[Given data]

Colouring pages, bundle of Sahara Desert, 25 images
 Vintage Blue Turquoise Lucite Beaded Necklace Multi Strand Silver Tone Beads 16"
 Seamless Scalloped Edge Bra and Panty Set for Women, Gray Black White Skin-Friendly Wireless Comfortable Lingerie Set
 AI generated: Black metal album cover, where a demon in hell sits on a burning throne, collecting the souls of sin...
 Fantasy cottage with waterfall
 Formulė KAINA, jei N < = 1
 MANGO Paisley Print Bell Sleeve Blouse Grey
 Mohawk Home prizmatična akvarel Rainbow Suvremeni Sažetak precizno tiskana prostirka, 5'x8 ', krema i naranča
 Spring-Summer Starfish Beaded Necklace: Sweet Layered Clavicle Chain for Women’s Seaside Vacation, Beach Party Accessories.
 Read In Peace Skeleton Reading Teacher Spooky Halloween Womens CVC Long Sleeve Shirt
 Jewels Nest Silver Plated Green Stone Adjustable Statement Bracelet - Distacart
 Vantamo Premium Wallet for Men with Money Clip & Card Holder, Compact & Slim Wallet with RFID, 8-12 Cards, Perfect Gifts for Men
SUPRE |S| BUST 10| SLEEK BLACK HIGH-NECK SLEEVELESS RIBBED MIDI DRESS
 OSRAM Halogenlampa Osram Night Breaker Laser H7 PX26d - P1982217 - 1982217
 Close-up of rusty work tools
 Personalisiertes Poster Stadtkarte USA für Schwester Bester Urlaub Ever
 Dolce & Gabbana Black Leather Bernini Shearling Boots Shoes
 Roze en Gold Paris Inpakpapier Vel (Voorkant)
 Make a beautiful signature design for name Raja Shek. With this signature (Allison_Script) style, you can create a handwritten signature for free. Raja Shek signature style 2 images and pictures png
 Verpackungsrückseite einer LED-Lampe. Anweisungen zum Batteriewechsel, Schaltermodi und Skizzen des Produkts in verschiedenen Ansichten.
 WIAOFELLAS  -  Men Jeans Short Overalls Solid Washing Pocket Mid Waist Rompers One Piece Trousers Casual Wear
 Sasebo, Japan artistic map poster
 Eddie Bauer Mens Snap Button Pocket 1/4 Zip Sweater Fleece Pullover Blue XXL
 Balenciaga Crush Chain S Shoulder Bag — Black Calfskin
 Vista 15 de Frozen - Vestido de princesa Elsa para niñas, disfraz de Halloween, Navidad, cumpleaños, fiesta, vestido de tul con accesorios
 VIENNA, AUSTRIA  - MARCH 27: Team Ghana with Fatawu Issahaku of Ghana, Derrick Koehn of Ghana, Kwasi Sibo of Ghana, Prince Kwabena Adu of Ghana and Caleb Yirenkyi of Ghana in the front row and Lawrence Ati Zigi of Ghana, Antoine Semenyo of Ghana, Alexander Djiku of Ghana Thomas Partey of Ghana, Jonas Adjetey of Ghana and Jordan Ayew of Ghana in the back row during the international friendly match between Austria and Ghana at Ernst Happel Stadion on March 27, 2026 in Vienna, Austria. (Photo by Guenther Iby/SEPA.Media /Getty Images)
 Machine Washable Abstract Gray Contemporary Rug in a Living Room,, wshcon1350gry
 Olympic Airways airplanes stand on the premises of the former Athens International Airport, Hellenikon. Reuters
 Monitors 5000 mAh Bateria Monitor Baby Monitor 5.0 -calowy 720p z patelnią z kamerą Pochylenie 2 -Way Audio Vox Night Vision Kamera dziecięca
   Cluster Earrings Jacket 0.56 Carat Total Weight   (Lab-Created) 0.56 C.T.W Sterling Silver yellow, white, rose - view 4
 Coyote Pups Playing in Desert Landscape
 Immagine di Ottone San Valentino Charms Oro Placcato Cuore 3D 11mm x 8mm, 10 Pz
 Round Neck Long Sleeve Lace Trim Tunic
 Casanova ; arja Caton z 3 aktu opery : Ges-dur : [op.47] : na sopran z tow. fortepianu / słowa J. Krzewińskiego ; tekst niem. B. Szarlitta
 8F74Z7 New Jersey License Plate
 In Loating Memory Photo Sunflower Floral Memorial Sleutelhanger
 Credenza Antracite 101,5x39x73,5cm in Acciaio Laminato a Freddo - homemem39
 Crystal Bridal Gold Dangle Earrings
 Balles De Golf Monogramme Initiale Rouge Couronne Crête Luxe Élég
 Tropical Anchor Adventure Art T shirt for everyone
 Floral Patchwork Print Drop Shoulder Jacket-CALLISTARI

[/Given data]

What lines in the records contain the word "Gray"? Return each one.

 Seamless Scalloped Edge Bra and Panty Set for Women, Gray Black White Skin-Friendly Wireless Comfortable Lingerie Set
 Machine Washable Abstract Gray Contemporary Rug in a Living Room,, wshcon1350gry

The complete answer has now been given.